The president also signed the annual defense authorization bill into law earlier Friday evening at a signing ceremony at Joint Base Andrews in Maryland. His signature finalized a new paid parental leave program for most federal employees. The program will allow federal employees up to 12 weeks of paid time off for the birth, adoption or foster of a new child.
The leave applies to men and women, and federal employees will have access to it starting in October 2020.
The pair of massive spending bills addresses a wide variety of funding and policy issues. But a 3.1% federal pay raise is perhaps the most notable feature of the spending package for civilian employees. The raise achieves pay parity with members of the military, who are also due a 3.1% bump next year.
For the civilian workforce, a 3.1% federal pay raise is the largest in at least a decade. Employees last came close to such a raise back in 2008, when they received a 3.5% pay adjustment.
“This pay raise reflects the excellent work of our federal workforce and compliments another unprecedented benefit that I also just signed into law, paid parental leave,” Trump wrote in his letter to the federal workforce.
Military members also received a similar note from Trump, where he described the administration’s accomplishments.
The president still must sign an executive order before the end of the year to make the 2020 raise and corresponding locality pay adjustments official. The Office of Personnel Management also must finalize pay tables for all 53 distinct locality areas.
Federal pay raises will go into effect on the first day of the first applicable pay period of the new year. Pay is frozen at 2019 levels for the vice president and senior political officials appointed under the Executive Schedule.
The two “minibus” spending bills, which Congress easily passed earlier this week, conform to the new spending caps set under the Bipartisan Budget Act of 2019.
The president had to sign both spending bills into law by the end of the day Friday to avoid a repeat of last year’s government shutdown, which began nearly one year ago today.
Instead, agencies have secured full-year funding for 2020 worth nearly $1.4 trillion.

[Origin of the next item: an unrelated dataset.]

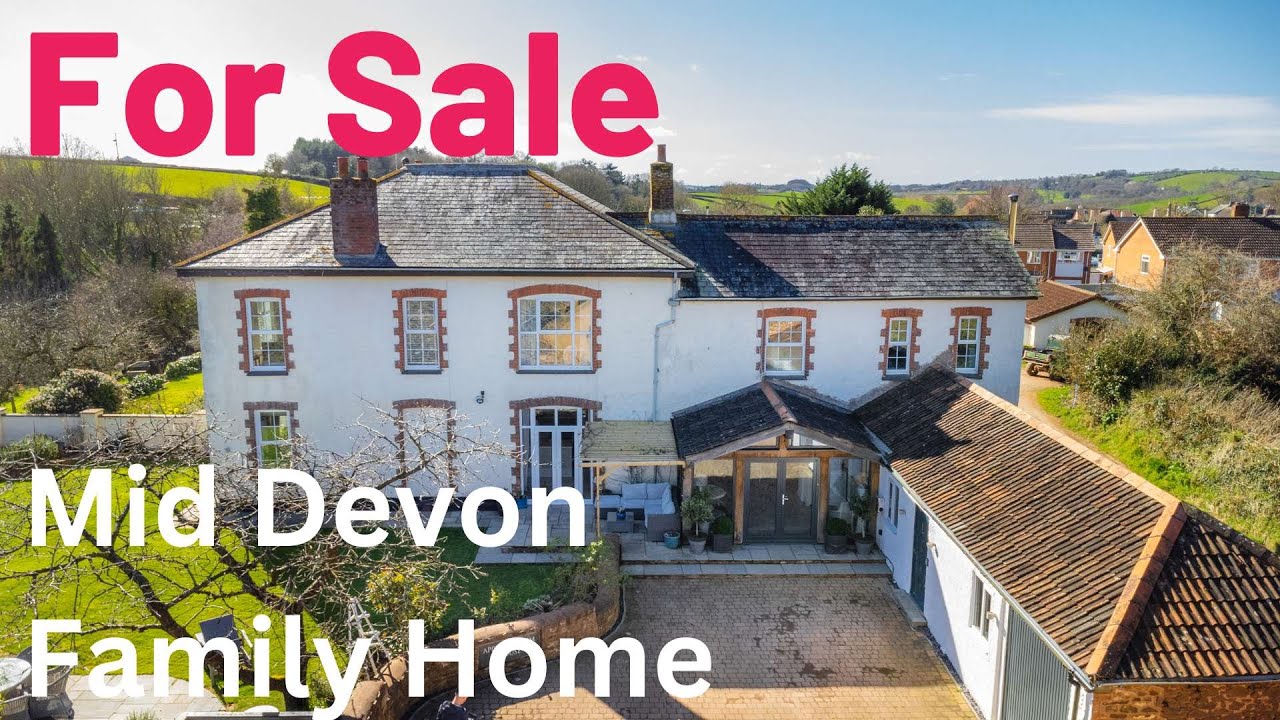 Property Tour | Spacious Family Home in Village Edge Location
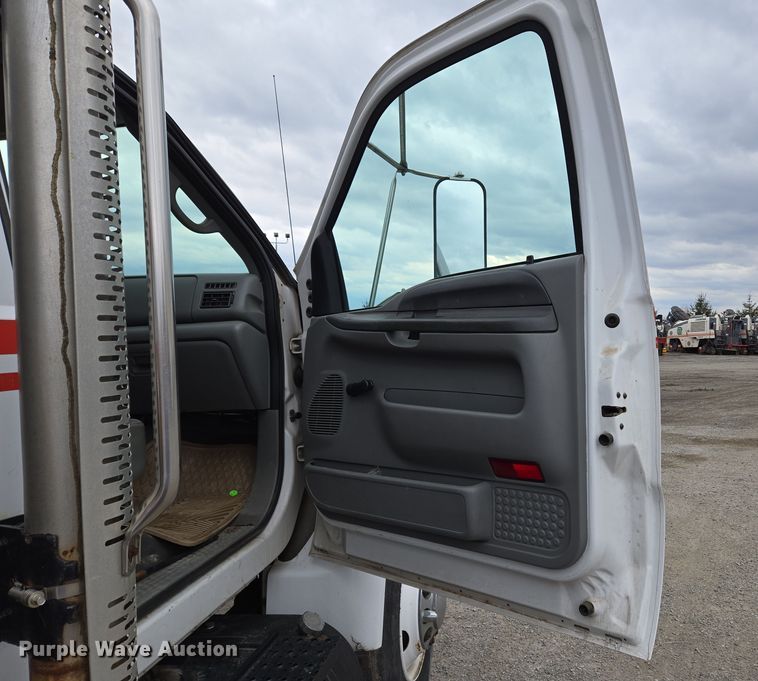 image for item EC4018 2003 Ford F750 Super Duty XLT water truck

The spending package, for example, provides the Census Bureau with $7.6 billion, $1.4 billion more than what the president requested, for the upcoming decennial count.
The IRS will receive more than $11.5 billion in 2020, including $30 million more for its ongoing business systems modernization, $150 million more for enforcement efforts and $20 million more for taxpayer services over the previous year.
The spending bills also fund the upcoming presidential transition with $9.2 million for the General Services Administration’s transition service.
In addition, the bills urge the Social Security Administration to reinstate a previously canceled telework program for some 11,000-to-12,000 operations employees, reject funding requests for the Bureau of Land Management’s relocation to Colorado and give OPM a needed budget boost.
With the signing of the National Defense Authorization Act, the Trump administration has secured $738 billion in Defense funding for the fiscal year that began Oct. 1, plus another $5.3 billion for emergency disaster recovery on military installations damaged by natural disasters in North Carolina, Florida, Nebraska, Louisiana and California.
Federal paid parental leave is the main NDAA attraction for the federal workforce. But the sprawling defense policy bill will also create a U.S. Space Force as a separate branch of the armed services.
Trump on Friday announced Gen. Jay Raymond, commander of the U.S. Space Command, as the first commander of the U.S. Space Force.
Federal employee unions praised Friday’s developments.
“We thank the leadership in the House and Senate for working together in a bipartisan fashion to complete these bills, which will further the federal government’s critical work on behalf of everyone who calls this great nation home,” Everett Kelly, national secretary-treasurer of the American Federation of Government Employees, said Friday night in a statement.